# looking for black inert fine gravel



## PoohBear (May 19, 2007)

Does anyone know where I can find an economically priced, dark colored, preferably black, inert gravel of the correct size for plants?


----------



## Paul Higashikawa (Mar 18, 2004)

Not sure how fine you want it, but Tahitian moon sand is very nice! Good luck with your search and let us know how your tank turns out


----------



## PoohBear (May 19, 2007)

I've used Tahitian Moon Sand before, but it was a little too fine for me. It scratched up an impeller and shaft on an AquaClear hob. Impeller actually rusted from the scratches and had to be replaced.


----------



## Paul Higashikawa (Mar 18, 2004)

The only other inert gravel I can think of that is black is those at petsmart/petco. You know what I'm talking about, I'm sure. Besides that, I highly recommend Eco-complete as well as the updated version of Fluorite which is somewhat darker than before. But both of those contain nutrients of some sort; good for plants, though.


----------



## K20A2 (Aug 12, 2006)

I second the eco complete suggestion. I know you said an inert substrate, but besides the standard black gravel seen at pet stores I cant think of anything either. The eco will give you varying sizes in the substrate which makes it very nice to look at, plus its good for the plants. It can usually be had for around 20 bucks a bag as well, so not really all that bad.


----------



## PoohBear (May 19, 2007)

I am looking for something not too expensive. I have a 40 gallon tank and the lfs said I would need 6-8 bags of the Eco-Complete. At $20 a bag, it's more than I wanted to spend. I believe the standard black gravel at pet stores is painted that color. I don't want anything that is painted. I have a bucket of leftover flourite from a tank I did a couple of years ago. It isn't enough to do the 40 gallon, and I'd really like a black substrate now anyways.


----------



## trackhazard (Sep 20, 2006)

Look for T-grade 3M colorquartz. Big 50 lb bags of it can be had for anywhere from 15-25 bucks or so depending on where you buy. It comes in all sorts of colors including black.
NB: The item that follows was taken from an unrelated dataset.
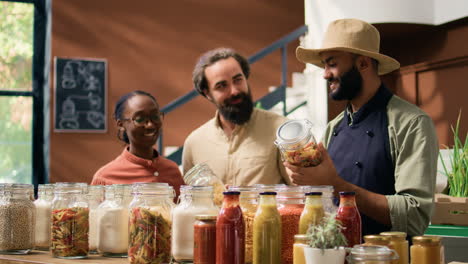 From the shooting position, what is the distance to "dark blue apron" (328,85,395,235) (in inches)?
86.4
Eco-complete isn't a dark black. Its kinda brownish/dark grey.

-Charlie


----------



## PoohBear (May 19, 2007)

trackhazard said:


> Look for T-grade 3M colorquartz. Big 50 lb bags of it can be had for anywhere from 15-25 bucks or so depending on where you buy. It comes in all sorts of colors including black.
> 
> -Charlie


Where does one find T-grade 3M colorquartz? Sounds like it might fit the bill if I can find it.


----------



## houseofcards (Feb 16, 2005)

PoohBear said:


> I am looking for something not too expensive. I have a 40 gallon tank and the lfs said I would need 6-8 bags of the Eco-Complete. At $20 a bag, it's more than I wanted to spend. I believe the standard black gravel at pet stores is painted that color. I don't want anything that is painted. I have a bucket of leftover flourite from a tank I did a couple of years ago. It isn't enough to do the 40 gallon, and I'd really like a black substrate now anyways.


Eight bags is way to much for a 40g. Even Carib-Sea recommends one to two pounds per gallon. If each bag is 20lbs you would need 2 to 4 bags depending on how deep you want it.


----------



## MatPat (Mar 22, 2004)

PoohBear said:


> Where does one find T-grade 3M colorquartz? Sounds like it might fit the bill if I can find it.


You need to find a distributor in your area that carries 3M products. This product was designed, I believe, for use in swimming pools, so pool stores in your area may be a good place to start your search. It is inert and should not effect water quality. The only distributor in Ohio, to my knowledge, is in the Cleveland area. This product comes in two grades, S- grade which is fine like Tahitian Moon Sand, and T-grade which is perfect for Aquarium use. Definately stick with the T-grade.


----------